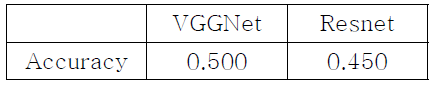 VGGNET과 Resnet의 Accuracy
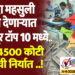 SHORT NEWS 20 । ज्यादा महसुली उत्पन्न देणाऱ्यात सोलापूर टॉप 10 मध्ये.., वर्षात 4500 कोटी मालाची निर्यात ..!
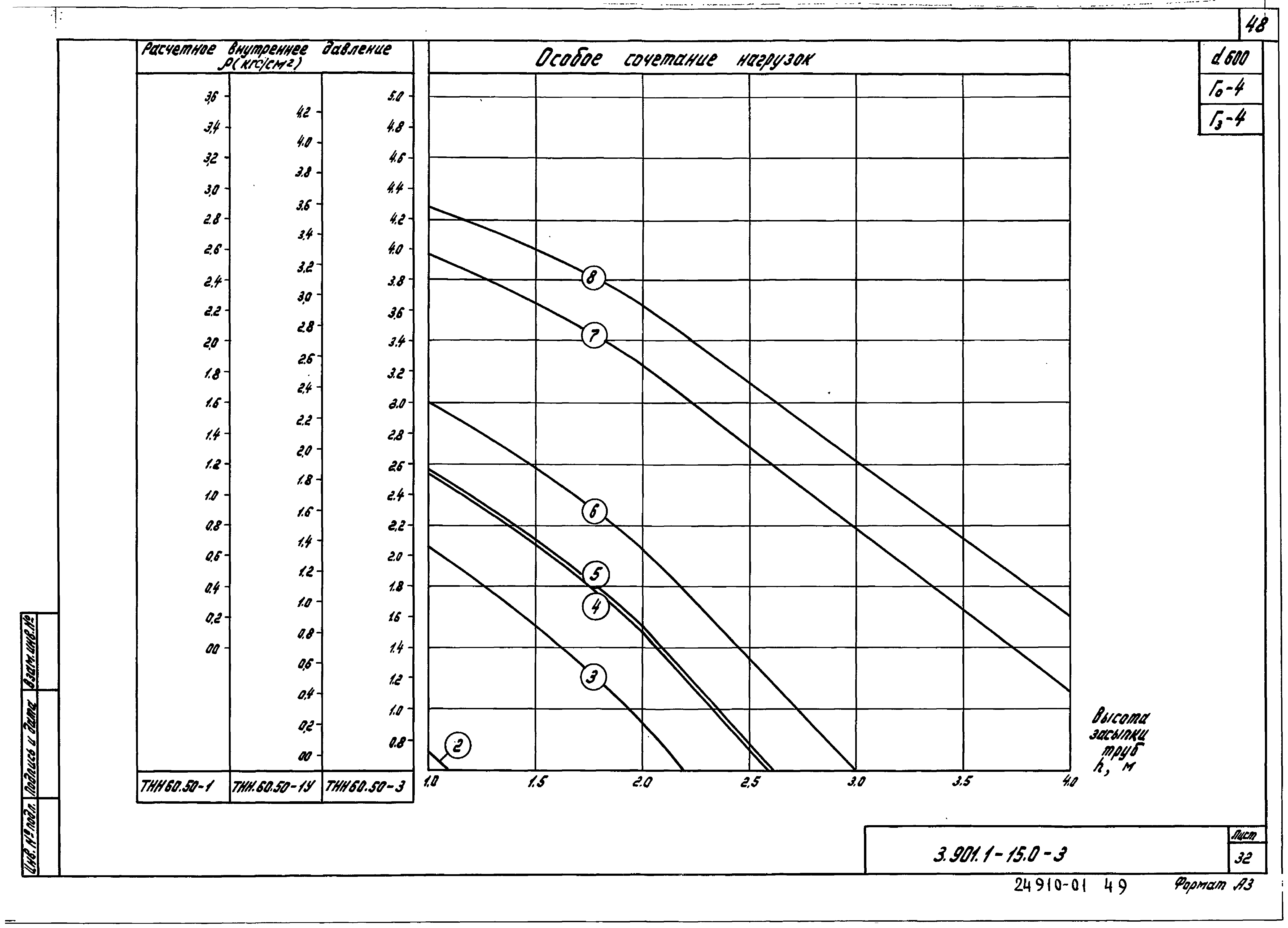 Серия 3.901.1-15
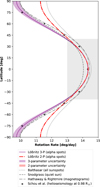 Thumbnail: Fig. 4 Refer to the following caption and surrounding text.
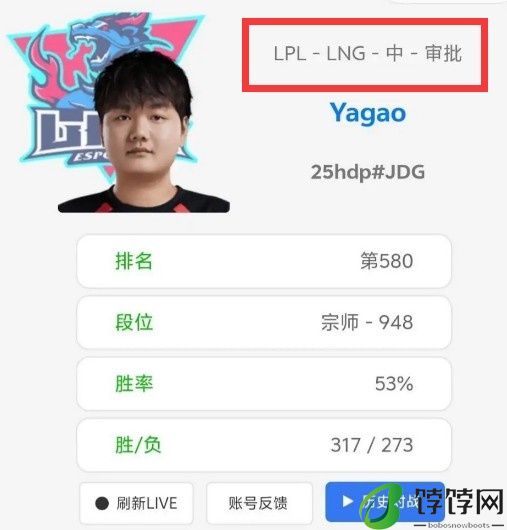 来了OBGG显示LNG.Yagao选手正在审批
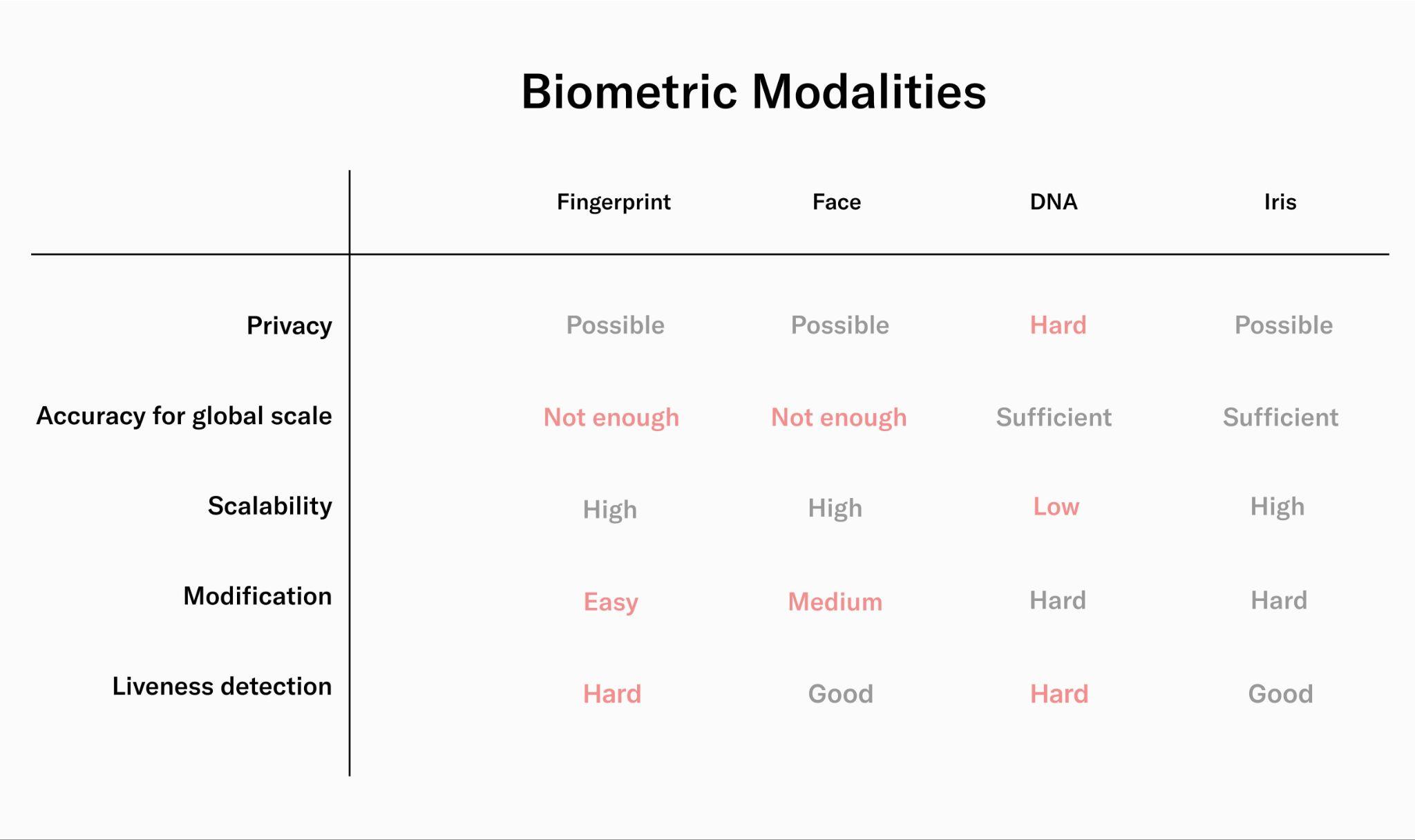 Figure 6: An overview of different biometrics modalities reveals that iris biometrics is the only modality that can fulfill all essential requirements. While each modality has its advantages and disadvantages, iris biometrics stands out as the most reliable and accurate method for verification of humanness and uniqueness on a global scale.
========
Problem to work on: Transcribe exactly the line containing "Thumbnail: Fig. 4" and every line after it through the end of the listing above; pictures are not part of the copy.

Task solution:
 Thumbnail: Fig. 4 Refer to the following caption and surrounding text.
 来了OBGG显示LNG.Yagao选手正在审批
 Figure 6: An overview of different biometrics modalities reveals that iris biometrics is the only modality that can fulfill all essential requirements. While each modality has its advantages and disadvantages, iris biometrics stands out as the most reliable and accurate method for verification of humanness and uniqueness on a global scale.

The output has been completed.